И дальше – целый каталог хорошо темперированных расстройств, которыми «Роршах» нас еще не наградил. Сомнамбулизм. Агнозии. Одностороннее игнорирование. КонСенсус демонстрировал цирк уродов, при виде которого любой рассудок повредился бы от одного сознания своей хрупкости: женщина, умирающая от жажды рядом с водой не потому, что не может увидеть кран, а потому, что не может его узнать; человек, для которого левая сторона Вселенной не существует, который не может ни воспринять, ни представить левую сторону своего тела, комнаты, строки в книге – для него само понятие «левизны» стало буквально немыслимым.

Временами мы можем представлять себе предметы и все же не видеть их, хотя они находятся прямо перед нами. Небоскребы возникают ниоткуда, наш собеседник меняет обличье, стоит отвлечься на секунду. А мы не замечаем! И это не волшебство, даже не обман зрения в полном смысле слова. Это явление называют перцептивной слепотой, и о нем известно уже более ста лет: склонность взгляда не останавливаться на том, что эволюционный опыт считает невероятным.

Я нашел антипод ложной слепоты Шпинделя, болезнь, при которой зрячие уверены, что слепы, а слепые настаивают, будто могут видеть. Сама идея была нелепа до безумия, и все же вот они, пациенты – отслоенные сетчатки, выжженные зрительные нервы, всякая возможность видеть отнята законами физики, – которые врезаются в стены, бьются о мебель, изобретают бесконечные смехотворные оправдания своей неуклюжести. Кто-то неожиданно выключил свет. Пестрая птаха пролетела за окном и отвлекла от преграды. Я превосходно вижу, спасибо! У меня с глазами все в порядке.
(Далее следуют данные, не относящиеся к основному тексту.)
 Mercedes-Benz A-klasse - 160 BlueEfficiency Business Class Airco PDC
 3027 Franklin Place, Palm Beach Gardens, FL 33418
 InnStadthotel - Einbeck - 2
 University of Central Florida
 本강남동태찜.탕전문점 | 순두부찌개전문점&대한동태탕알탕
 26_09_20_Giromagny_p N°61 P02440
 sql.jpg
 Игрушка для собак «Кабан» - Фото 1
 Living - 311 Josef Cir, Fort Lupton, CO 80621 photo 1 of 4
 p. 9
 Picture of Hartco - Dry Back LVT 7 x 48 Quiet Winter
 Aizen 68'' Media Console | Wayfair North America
«Индикаторы в голове», – говорил Шпиндель. Но в мозгу прячутся не только измерительные приборы. В нем есть образ мира, и мы не глядим вовне; наше сознательное «я» видит лишь модель, интерпретацию реальности, которая постоянно обновляется в соответствии с информацией, поступающей с органов чувств. Что случится, если они откажут, а модель, поврежденная травмой или опухолью, не сможет обновиться? Долго ли мы будем пялиться на устаревшую картинку, пережевывая и вымучивая одни и те же мертвые данные в отчаянном, подсознательном, совершенно искреннем отрицании реальности? Скоро ли нас озарит, что мир, который мы видим, больше не отражает мира, в котором мы обитаем, что мы слепы?
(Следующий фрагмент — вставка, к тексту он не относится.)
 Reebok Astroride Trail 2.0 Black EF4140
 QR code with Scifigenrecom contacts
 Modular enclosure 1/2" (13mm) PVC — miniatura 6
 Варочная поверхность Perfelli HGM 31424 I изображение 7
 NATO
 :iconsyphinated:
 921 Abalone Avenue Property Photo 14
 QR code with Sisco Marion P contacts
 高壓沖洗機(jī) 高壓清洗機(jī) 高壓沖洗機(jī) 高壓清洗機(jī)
Если верить историям болезни, – через месяцы. Одной несчастной понадобилось больше года.

Обращения к логике безуспешны. Как можно увидеть птицу, когда перед тобой нет окна? Как ты решаешь, где кончается видимый тобою полумир, если не видишь вторую, уравновешивающую его половину? Если ты мертв, то почему обоняешь смрад собственного гниения? Если тебя не существует, Аманда, токто разговаривает с нами?

Бесполезно. Когда человека порабощает синдром Котара или одностороннее игнорирование, аргументами его не высвободить. А когда ты во власти инопланетного артефакта, то просто знаешь, что твое «я» мертво, а реальность кончается посередине, причем с той же непоколебимой уверенностью, с какой любой человек ощущает расположение собственных конечностей – намертво впечатанным в мозг чувством, не нуждающимся в дополнительных подтверждениях. Что против этой убежденности разум? Что ему логика?

Им не место на «Роршахе».

* * *

На шестом обороте он нанес удар.

– Оно с нами разговаривает, – неожиданно выдала Джеймс.

Ее глаза за стеклом были широко раскрыты, но не сияли, в них не полыхал огонь безумия. Вокруг нас внутренности «Роршаха» сочились, корчились где-то на периферии зрения; чтобы стряхнуть наваждение, приходилось постараться. Я сосредоточился на колечке пальцевидных наростов, торчавших из стены, а в стволе моего мозга зверюшками копошились нечеловеческие слова.